Поднимаю голову, делаю шаг навстречу. Эйден тоже приближается на шаг. Встречаемся на середине. Он обнимает меня осторожно, заботливо, как сестру или ребенка. Опускаю голову ему на плечо. Ощущение другое, потому что Бен был выше. Эйден гладит меня по волосам, старается успокоить, но получается не очень хорошо, и, наверно, так, как раньше, уже не будет, потому что в душе пустота. Прижимаюсь к нему все теснее и теснее. Сердце стучит быстрее и быстрее. Его или мое? Поднимаю руку, притягиваю его голову, целую. Что делаю — не знаю и знать не хочу. Внутри меня — пусто, холодно, мертво, а Эйден — теплый и живой.

Сначала он отвечает на поцелуй, но потом понемногу, бережно меня отстраняет и качает головой:

— Не так.

И тут я начинаю плакать. Почему? Еще одна потеря, еще одна холодная пустота. Он тянет меня к дивану, накидывает мне на плечи одеяло.

— Не уходи, — говорю я.

— И не собираюсь. Пока сама не прогонишь. — Тем не менее Эйден встает. — Сейчас вернусь.

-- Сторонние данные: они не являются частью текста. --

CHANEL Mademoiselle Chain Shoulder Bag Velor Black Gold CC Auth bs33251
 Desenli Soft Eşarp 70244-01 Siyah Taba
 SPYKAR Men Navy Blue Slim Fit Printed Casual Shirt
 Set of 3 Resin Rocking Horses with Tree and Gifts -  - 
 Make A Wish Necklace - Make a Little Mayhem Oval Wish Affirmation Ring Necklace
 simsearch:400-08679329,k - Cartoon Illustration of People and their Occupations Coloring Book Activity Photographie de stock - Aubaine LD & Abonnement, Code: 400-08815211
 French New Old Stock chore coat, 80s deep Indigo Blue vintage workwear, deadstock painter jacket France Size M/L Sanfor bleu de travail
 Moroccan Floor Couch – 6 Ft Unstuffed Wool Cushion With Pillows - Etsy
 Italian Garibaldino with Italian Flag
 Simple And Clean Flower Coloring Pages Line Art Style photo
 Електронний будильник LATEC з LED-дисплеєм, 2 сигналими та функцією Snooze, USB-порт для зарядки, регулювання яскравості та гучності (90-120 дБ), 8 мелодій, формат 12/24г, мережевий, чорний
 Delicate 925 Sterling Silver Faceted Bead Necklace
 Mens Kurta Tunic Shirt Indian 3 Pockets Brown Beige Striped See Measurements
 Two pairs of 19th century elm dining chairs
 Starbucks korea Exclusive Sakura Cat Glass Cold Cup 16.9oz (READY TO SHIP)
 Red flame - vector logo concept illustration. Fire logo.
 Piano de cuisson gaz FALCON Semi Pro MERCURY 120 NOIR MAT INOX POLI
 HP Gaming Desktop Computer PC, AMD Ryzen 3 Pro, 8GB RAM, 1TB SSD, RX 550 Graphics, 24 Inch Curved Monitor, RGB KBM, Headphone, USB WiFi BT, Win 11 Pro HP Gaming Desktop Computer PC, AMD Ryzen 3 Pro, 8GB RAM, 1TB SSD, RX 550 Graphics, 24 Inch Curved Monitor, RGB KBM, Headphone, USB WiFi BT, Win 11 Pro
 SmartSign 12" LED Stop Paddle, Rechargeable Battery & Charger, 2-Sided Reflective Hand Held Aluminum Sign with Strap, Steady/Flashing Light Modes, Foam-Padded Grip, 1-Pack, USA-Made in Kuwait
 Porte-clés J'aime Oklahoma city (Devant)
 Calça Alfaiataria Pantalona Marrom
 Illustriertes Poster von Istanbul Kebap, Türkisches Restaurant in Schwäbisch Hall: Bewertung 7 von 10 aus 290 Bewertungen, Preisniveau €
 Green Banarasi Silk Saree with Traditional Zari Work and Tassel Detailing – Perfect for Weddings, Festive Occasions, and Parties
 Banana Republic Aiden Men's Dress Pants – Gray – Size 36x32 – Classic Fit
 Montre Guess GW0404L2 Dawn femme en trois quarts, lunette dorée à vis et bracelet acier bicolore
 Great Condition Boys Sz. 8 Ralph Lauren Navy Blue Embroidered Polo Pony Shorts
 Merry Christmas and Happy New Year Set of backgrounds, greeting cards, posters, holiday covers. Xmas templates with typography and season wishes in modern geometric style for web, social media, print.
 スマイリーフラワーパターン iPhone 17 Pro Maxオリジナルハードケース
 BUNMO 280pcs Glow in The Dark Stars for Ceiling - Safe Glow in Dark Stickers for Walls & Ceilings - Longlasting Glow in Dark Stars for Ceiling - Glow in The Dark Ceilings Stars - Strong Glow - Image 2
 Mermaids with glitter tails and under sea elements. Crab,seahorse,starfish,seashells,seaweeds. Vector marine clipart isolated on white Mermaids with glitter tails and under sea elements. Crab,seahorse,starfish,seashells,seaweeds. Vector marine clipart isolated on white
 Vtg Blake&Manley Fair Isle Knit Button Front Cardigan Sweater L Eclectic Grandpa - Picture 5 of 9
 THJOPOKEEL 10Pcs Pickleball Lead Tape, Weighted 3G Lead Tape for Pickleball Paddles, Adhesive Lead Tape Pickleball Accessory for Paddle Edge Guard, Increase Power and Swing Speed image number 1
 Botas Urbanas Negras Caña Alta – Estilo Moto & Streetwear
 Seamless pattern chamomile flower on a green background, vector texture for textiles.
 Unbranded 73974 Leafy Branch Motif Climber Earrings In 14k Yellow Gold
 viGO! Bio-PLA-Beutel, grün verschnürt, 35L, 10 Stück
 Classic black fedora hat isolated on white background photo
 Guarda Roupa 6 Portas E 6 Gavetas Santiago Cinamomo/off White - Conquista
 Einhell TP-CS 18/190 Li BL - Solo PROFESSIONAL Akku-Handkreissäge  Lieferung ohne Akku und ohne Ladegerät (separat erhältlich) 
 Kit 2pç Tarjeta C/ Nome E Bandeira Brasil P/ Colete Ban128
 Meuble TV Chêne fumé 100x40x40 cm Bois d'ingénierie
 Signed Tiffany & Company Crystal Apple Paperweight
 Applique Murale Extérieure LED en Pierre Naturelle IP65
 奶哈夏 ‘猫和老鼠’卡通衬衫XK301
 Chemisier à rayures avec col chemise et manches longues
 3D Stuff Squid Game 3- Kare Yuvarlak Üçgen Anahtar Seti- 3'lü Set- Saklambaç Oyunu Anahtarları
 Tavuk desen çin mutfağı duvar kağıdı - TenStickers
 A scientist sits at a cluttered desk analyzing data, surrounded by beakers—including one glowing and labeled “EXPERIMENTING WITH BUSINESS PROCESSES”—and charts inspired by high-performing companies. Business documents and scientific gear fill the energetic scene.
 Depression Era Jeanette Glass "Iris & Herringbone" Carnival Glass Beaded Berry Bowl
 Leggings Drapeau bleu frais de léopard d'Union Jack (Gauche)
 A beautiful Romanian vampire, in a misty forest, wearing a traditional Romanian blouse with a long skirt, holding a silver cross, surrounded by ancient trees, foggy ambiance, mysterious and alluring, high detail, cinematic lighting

Он идет по коридору и возвращается с гитарой.

— Играю нечасто, но всегда чувствую себя лучше. Закрой глаза. Завтра нас ждет долгий день. Но мы прорвемся. Я тоже там буду.

Эйден играет. Играет хорошо. Какие-то песни я знаю, какие-то — нет. Глаза сами собой закрываются, и я соскальзываю в темный, без сновидений сон.

ГЛАВА 38

Метеопрогноз сбылся. Я бегу, а холодный ветер рвет ветви деревьев и кружит в вихре мертвые листья.

Проспала допоздна, вот и пришлось бежать, и даже в глаза Эйдену после прошлой ночи посмотреть не осмелилась. Ожидала споров или сопровождения, но никто задерживать не стал — отпустили.